* _Given material_
• • • • •

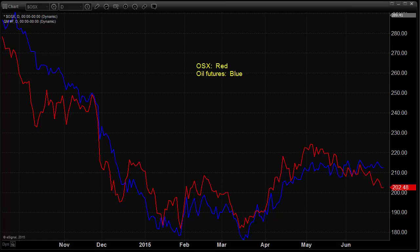These leading and lagging indicators can be found in other sectors as well. Here's a look at oil futures, which is the blue line, versus the oil services, which represents the sector that produces that oil — the drillers and rig makers. In this particular instance, it is the actual stocks that lead the commodity. So the oil services stocks, OSX, tend to lead commodity prices.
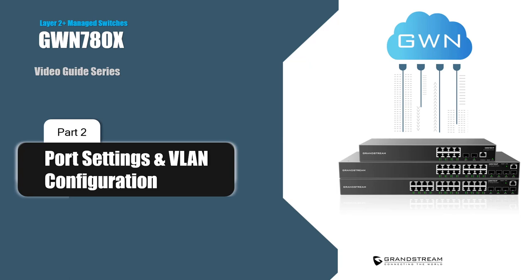Hello and welcome to part 2 of the GWN7800 switches video guide series. In this video we will cover the switch port settings, PoE settings, and VLAN settings.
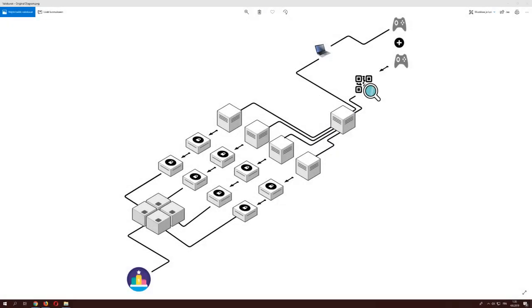Hello and welcome back. Today we're going to do something a tiny bit different. I'm going to show how the Disobey 2018 badge puzzle actually worked.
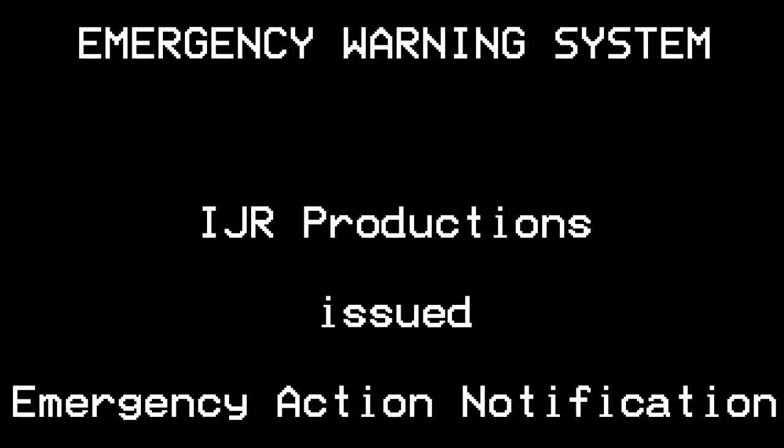This message is transmitted at the request of IJR Productions. This is not a test, repeating, this is not a test.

• • • • •

* _Required action_
A faithful copy of all the lines above is needed, with the pictures omitted.

* _Written answer_
These leading and lagging indicators can be found in other sectors as well. Here's a look at oil futures, which is the blue line, versus the oil services, which represents the sector that produces that oil — the drillers and rig makers. In this particular instance, it is the actual stocks that lead the commodity. So the oil services stocks, OSX, tend to lead commodity prices.
Hello and welcome to part 2 of the GWN7800 switches video guide series. In this video we will cover the switch port settings, PoE settings, and VLAN settings.
Hello and welcome back. Today we're going to do something a tiny bit different. I'm going to show how the Disobey 2018 badge puzzle actually worked.
This message is transmitted at the request of IJR Productions. This is not a test, repeating, this is not a test.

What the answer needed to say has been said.